The 30-year-old insisted, however, that the cream always finds a way of rising to the top.
"Despite it being an incredibly tight championship, the first (placed) constructor is Red Bull, and then McLaren and Ferrari.
"And the first six or seven in the drivers' championship are the same names from last year," added Alonso.
'No one knows why' small teams best - Marko
Dr Helmut Marko has responded to claims a couple of regular midfield teams are actually fielding the very best cars in 2012.
Germany's Auto Motor und Sport this week cited GPS evidence in reporting that the Williams and the Sauber feature the most aerodynamic cars, based on data from Barcelona's demanding turns 3 and 9.
And at Monaco, Sauber's Sergio Perez recorded not only the fastest lap of the race, but he was the quickest circulating car "for long periods", according to team boss Peter Sauber.
Journalist Michael Schmidt said: "With Fernando Alonso, Sebastian Vettel or Lewis Hamilton in the cockpit, Williams or Sauber would probably be leading the championship."
Red Bull's Marko responded: "They have good cars, but no one knows why.
"They are not as highly bred as a Red Bull and McLaren, but apparently easy to drive and understand. In the present situation, anything is possible."
Small teams ramp up pressure on Red Bull spending
The small teams are continuing to heap pressure on Red Bull, casting the energy drink company as a barrier to reducing costs in F1.
On Monday in Monaco, the teams got together with Bernie Ecclestone and FIA president Jean Todt, with cost-cutting a headline subject of discussion.
Germany's Auto Motor und Sport reports that Todt indicated that the Paris based federation is willing to police cost cutting as part of the formal regulations in 2013 and beyond.
Ten of the 12 teams are pushing for that scenario, the only exceptions being Red Bull Racing and Toro Rosso - the two teams owned by Dietrich Mateschitz.
Sauber chiefs Peter Sauber and Monisha Kaltenborn were heavily critical of Red Bull last week, insisting some in F1 "don't care whether (the sport) is even here in ten years".

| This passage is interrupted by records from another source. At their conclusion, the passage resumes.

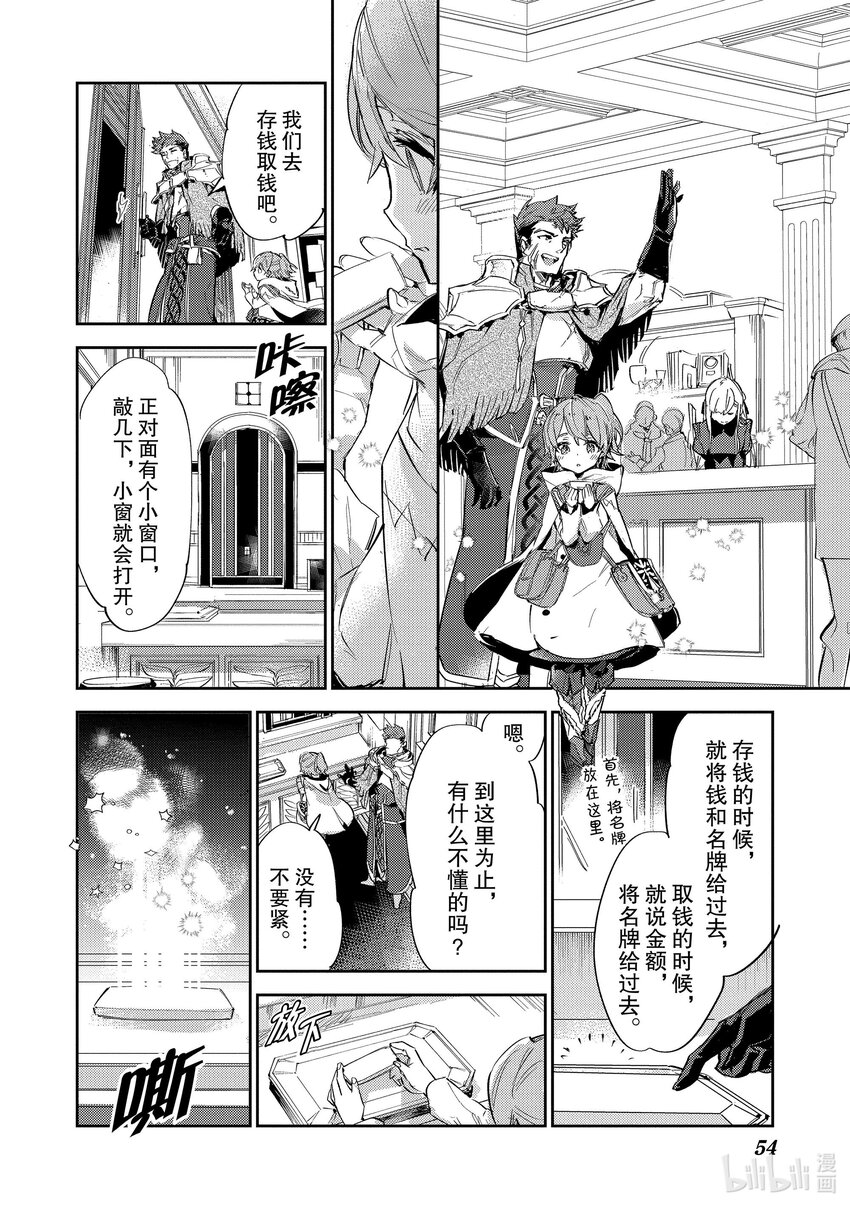 《最弱驯养师开启的捡垃圾之旅@COMIC》10 10 第12页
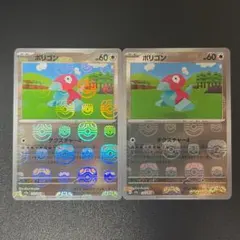 ポケモンカード ポリゴン マスターボール 2枚セット 137/165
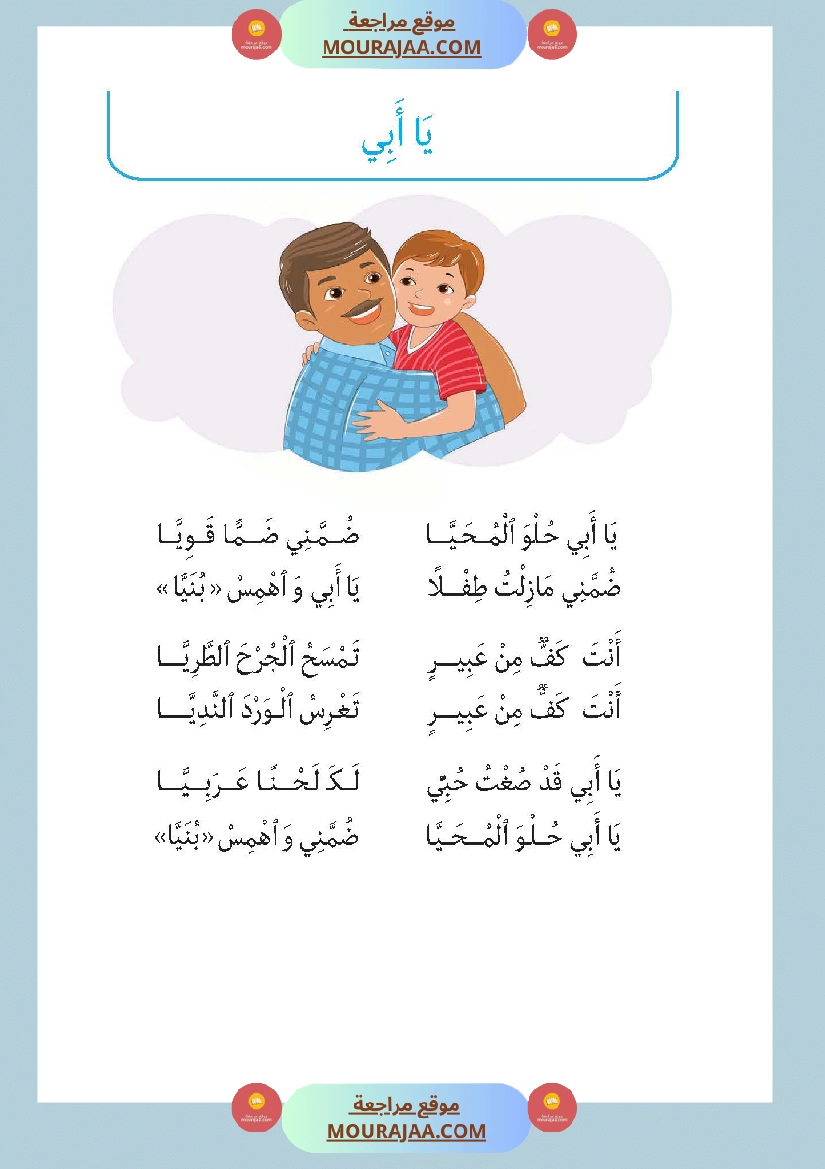 تحميل محفوظات الطفل و المرآة - سنة أولى ابتدائي PDF | موقع مراجعة التعليمي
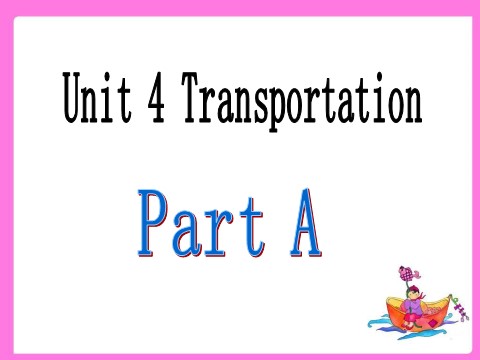 四年级下册英语（闽教版）Unit 4 Transportation Part A 课件1第2页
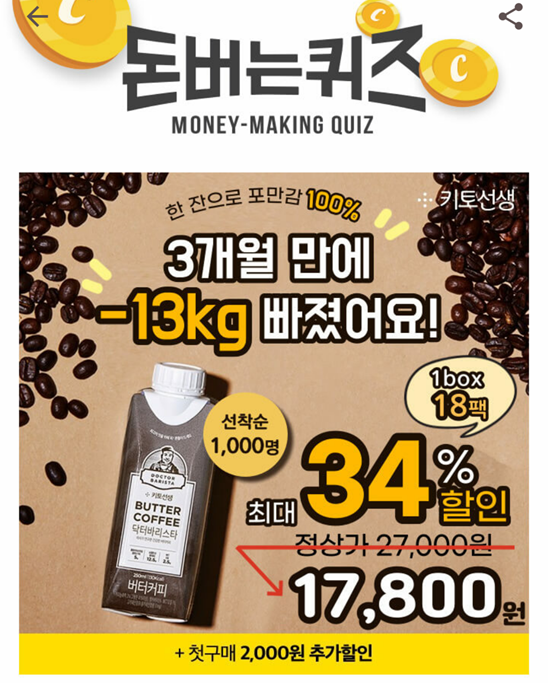  캐시워크 돈버는 퀴즈 키토선생정답, 아침에 닥터바리스타 마시면 점심까지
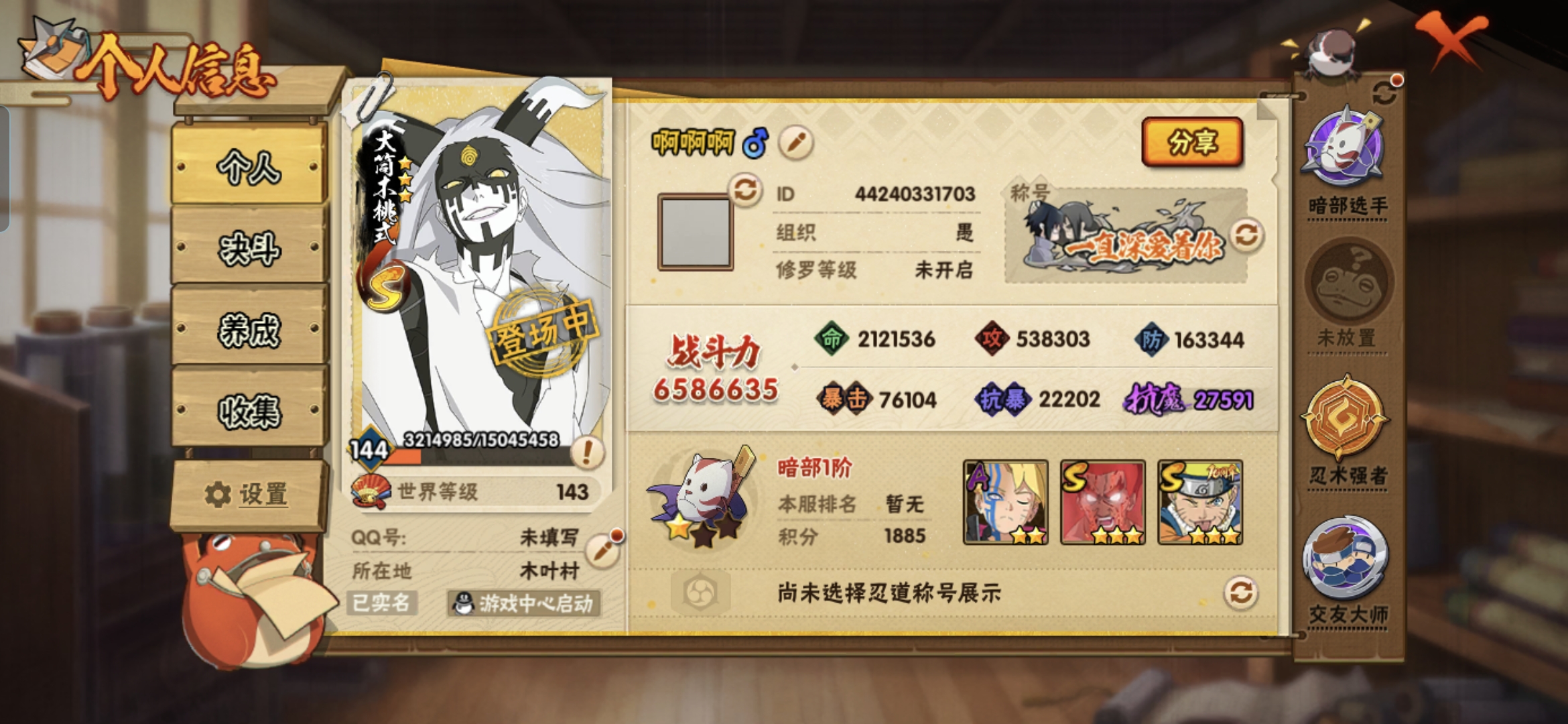 火影忍者账号安卓QQMHY4058【安卓Q S16 A31 VIP10 考拉2 650w战力】【区服】2403【等级】1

For the smaller teams, the situation is urgent because if there is no agreement before June 30, cost-cutting FIA regulations cannot be in force for 2013.
Williams shareholder Toto Wolff has now joined Sauber in pushing Red Bull to move.
"At the moment they spend an estimated EUR 250 million (per season)," he said, "so the cost ceiling would save Mr Mateschitz a hundred million euros.
"It would be doing him a favour," said Mateschitz's fellow Austrian, "because his model of unlimited spending no longer has the same advantage due to the current rules.
"The results of the first six races should have convinced him," added Wolff.